A questo riguardo è opportuno far presente che le scuole sono organizzazioni dove si presenta un difficile equilibrio di interessi, spesso contrastanti. Gli interessi dei singoli docenti circa la sede lavorativa, gli orari di servizio, le ferie, ecc. possono differire da quelli degli alunni oppure delle altre persone che svolgono ruoli di pulizia, di assistenza o di amministrazione nella scuola stessa. Gli interessi di tutti coloro che lavorano, a loro volta, possono divergere da quelli degli alunni, i cui bisogni di apprendimento potrebbero suggerire orari e modalità di lezione diversi da quelle auspicabili dal singolo lavoratore. Eppure gli interessi degli alunni dovrebbero sovrastare quelli dei lavoratori, poiché questi ultimi svolgono un servizio proprio per i giovani. Credo si possa affermare che l’interesse generale dell’istituzione scolastica si identifichi con l’attività di apprendimento-insegnamento svolta nella scuola. Se le cose stanno in questi termini, chi, ad eccezione della dirigenza scolastica, può interpretare un tale interesse? Aldilà della maggiore o minore disponibilità e onestà personali, credo che solo la funzione dirigenziale possa corrispondere, se correttamente implementata, all’interesse dell’istituzione stessa. Mentre il singolo docente potrebbe scegliere di avere un orario che escluda le prime ore mattutine (perché deve accompagnare i figli a scuola …), il dirigente non dovrebbe avere altro interesse che quello di definire un orario equilibrato tra le varie discipline, per favorire gli apprendimenti dei giovani. Solo il dirigente, a mio avviso, può avere a cuore una tale tutela. In tal senso il suo ruolo riveste correttamente una centralità.
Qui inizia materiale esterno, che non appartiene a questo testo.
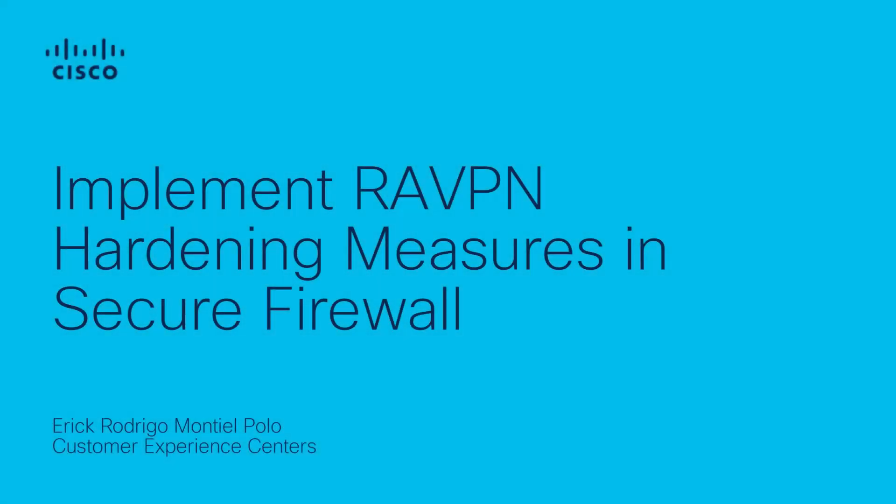Hello everyone, thank you for joining us today. My name is Eric Montiel, I'm from the Cisco Tag VPN team and I'm excited to be here with you.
Sembra che il nuovo ministro abbia avviato un processo di revisione della Buona Scuola renziana (si veda l’articolo di ieri di Stella sul Corriere). Ebbene, se ciò accade, si tenga presente che la scuola restituita ai tavoli di concertazione corre il rischio di dimenticare la ragione ultima per cui essa è nata e cioè il servizio agli alunni. Unitamente alla Buona Scuola, l’eventuale messa in discussione dei ruoli dirigenziali non avrà altro effetto che quello di soffocare gli interessi generali e favorire il restauro di quelli particolaristici. Se è corretto ascoltare la voce degli utenti, non si dimentichi che il principale ruolo di ascolto è quello del dirigente. Non si dimentichi, infine, che nella scuola italiana l’ultima voce ad essere ascoltata, quando la si ascolta, è quella degli alunni e dei genitori utenti.